Il y a quelques jours de cela, un changement qui peut être significatif est intervenu dans les relations institutionnelles entre la Russie et les juridictions internationales, qui dépasse largement la question de la CEDH. La compétence est passée du ministère de la Justice à la Procuratura générale et surtout, ce seront bien les procureurs et non pas des juristes employés pour certaines affaires, notamment des cabinets d’avocats locaux, qui désormais défendront les intérêts de la Russie dans ces procès, Ô combien politiques au sein de ces structures, qui n’ont de judiciaire que le nom. La Russie reprend en main la défense de ses intérêts à l’international, pas inévitable dans un contexte géopolitique aussi radical.

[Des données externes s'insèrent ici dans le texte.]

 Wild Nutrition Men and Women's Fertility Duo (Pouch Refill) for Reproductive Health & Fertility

La décision de principe avait été prise en mars de cette année, quand le Président Poutine avait donné son accord, sur proposition du Procureur général, pour transmettre du ministère de la Justice à la Procuratura générale la compétence de défendre les intérêts de la Russie dans les juridictions internationales. Cette idée est fondée, assez logiquement, sur l’agressivité des attaques internationales menée contre la Russie, que ce soit du côté de l’Ukraine, des instances olympiques, des affaires Iukos, sans même parler de la dérive idéologique de la pratique pseudo-juridique de la CEDH.

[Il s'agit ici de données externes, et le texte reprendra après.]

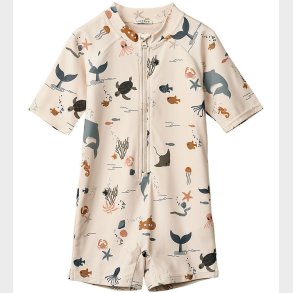 Liewood Badeheldragt - Max - UV40+ - Sea Creature/Sandy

Techniquement, dans le pays, ce sont les Procureurs qui sont en charge de ces dossiers, qui les connaissent et qui ont les compétences juridictionnelles. Le ministère de la Justice, dans ce schéma, était principalement un intermédiaire, qui de toute manière devait s’adresser ensuite au procureur. Processuellement, la démarche est donc logique.

Mais un autre aspect, géopolitique, n’est pas à négliger. Désormais, ce seront les procureurs qui défendront les intérêts de la Russie devant les instances internationales et il ne sera plus possible d’engager des avocats locaux pour le faire. A première vue, il peut sembler en effet plus efficace de recourir à des juristes locaux, qui connaissent mieux les spécificités juridiques, disons de la High Cour, chargée d’une affaire contre la Russie. C’est à première vue. Car ces cabinets d’avocats, impliqués auprès des hautes juridictions, dans un contexte de russophobie galopante, dans un contexte géopolitique plus que tendu, vont devoir, ensuite, continuer à s’occuper d’affaires sensibles et importantes, mais d’ampleur nationale. Ont-ils réellement intérêt à s’engager à fond dans la défense des intérêts de la Russie, quand nous sommes dans une phase de rupture idéologique flagrante ? 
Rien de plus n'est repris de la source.